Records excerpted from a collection
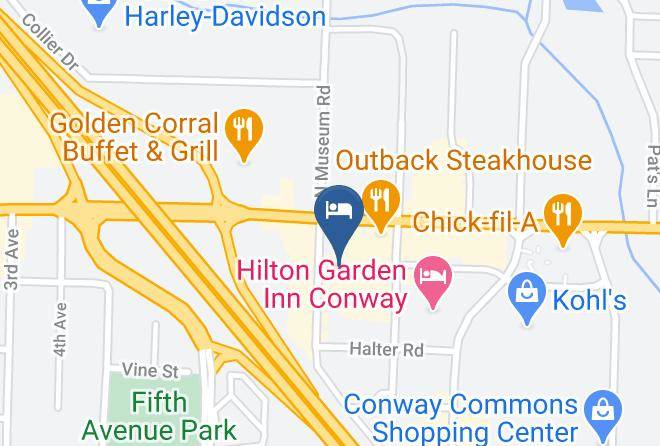 Faulkner - Motel 6 Conway Ar Maps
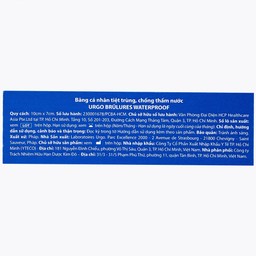 Băng cá nhân Urgo Brulures Waterproof 10x7cm (4 miếng) tiệt trùng, chống thấm nước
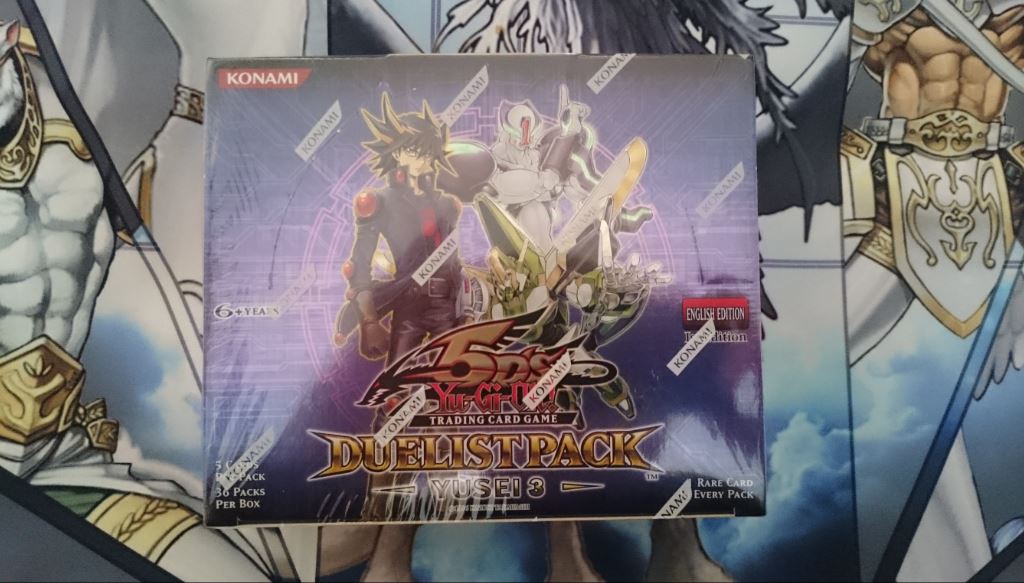 Yugioh 1st Edition Duelist Pack Fudo Yusei 3 Booster Box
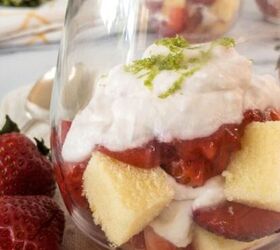 fresh strawberry cake recipe, No bake shortcakes in dessert glasses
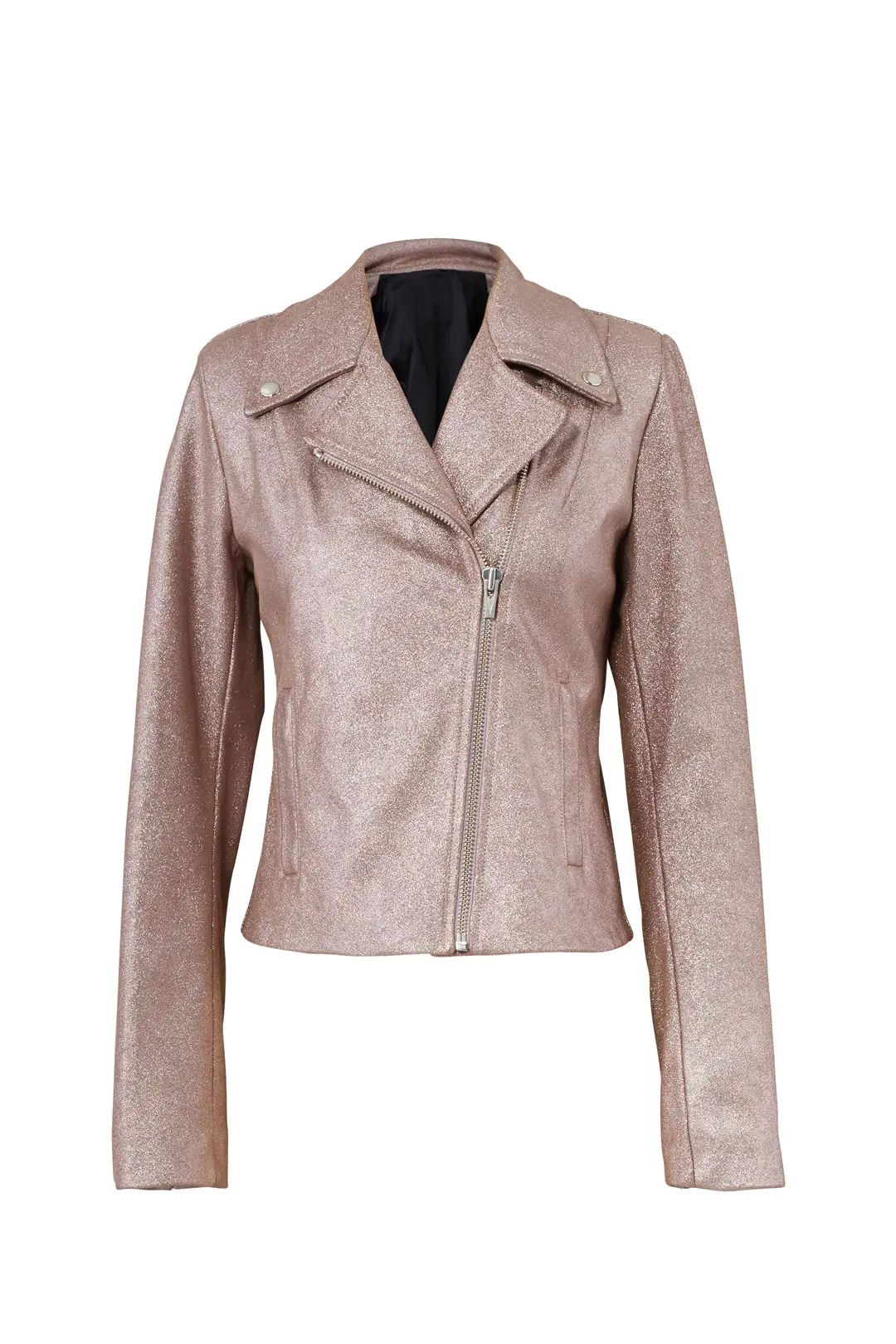 VEDA Glitter Leather Jacket | Rent The Runway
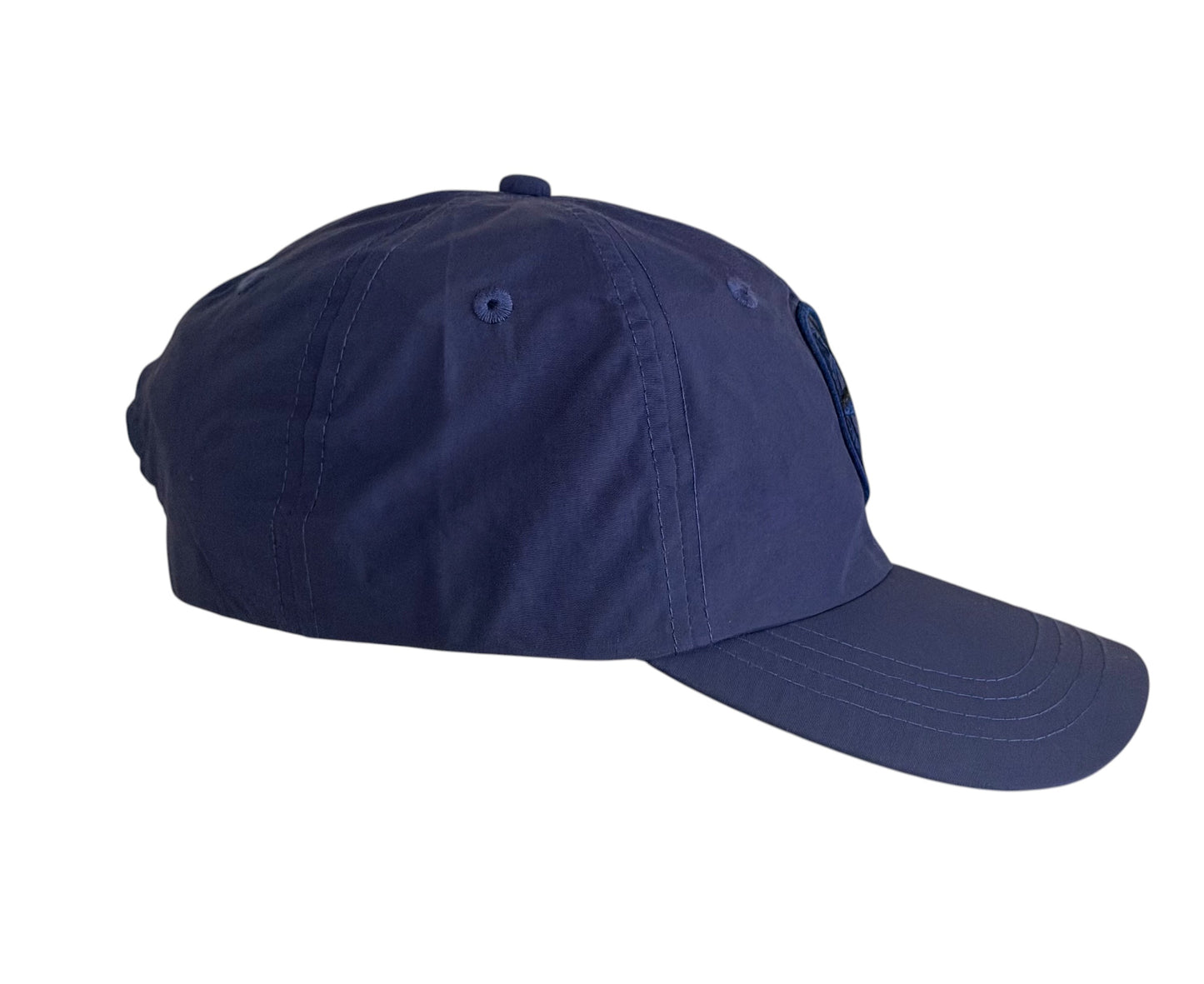 Stone Island Nylon Metal Compass Logo Blue Adjustable Cap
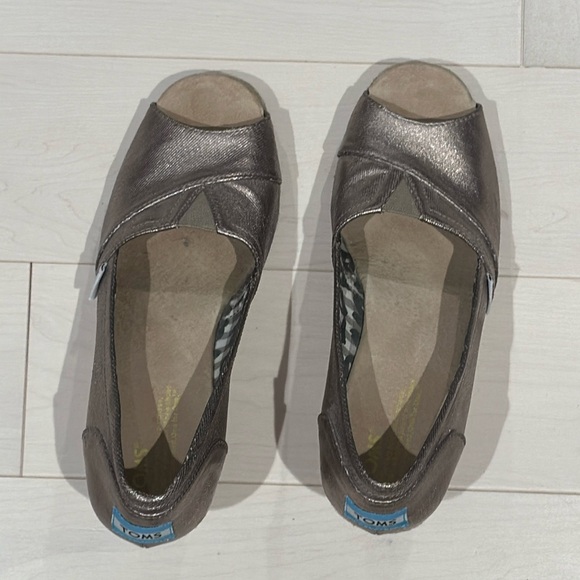 Toms Cork Wedges Espadrille   - size 8 - Picture 4 of 8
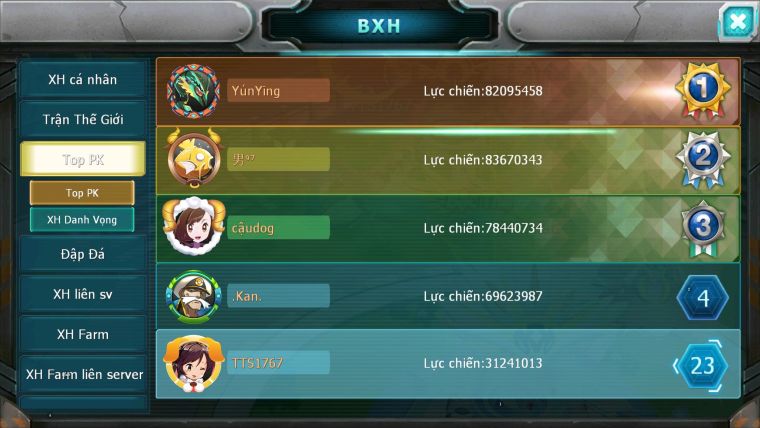 MÃ : #TTS1767 - SV 1494 - TOP23 - V12 - HOOH DYNAMAX FULL TRỤ- CÓ FULL SS- QVLD BÁ CHỦ THẦN GIÓ BC QUÁ NGON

§ Prompt: Pictures are to be omitted. The lines from the line holding "fresh strawberry cake" through the closing line of the data above are to be set down exactly, and nothing more.

§ Written solution:
 fresh strawberry cake recipe, No bake shortcakes in dessert glasses
 VEDA Glitter Leather Jacket | Rent The Runway
 Stone Island Nylon Metal Compass Logo Blue Adjustable Cap
 Toms Cork Wedges Espadrille   - size 8 - Picture 4 of 8
 MÃ : #TTS1767 - SV 1494 - TOP23 - V12 - HOOH DYNAMAX FULL TRỤ- CÓ FULL SS- QVLD BÁ CHỦ THẦN GIÓ BC QUÁ NGON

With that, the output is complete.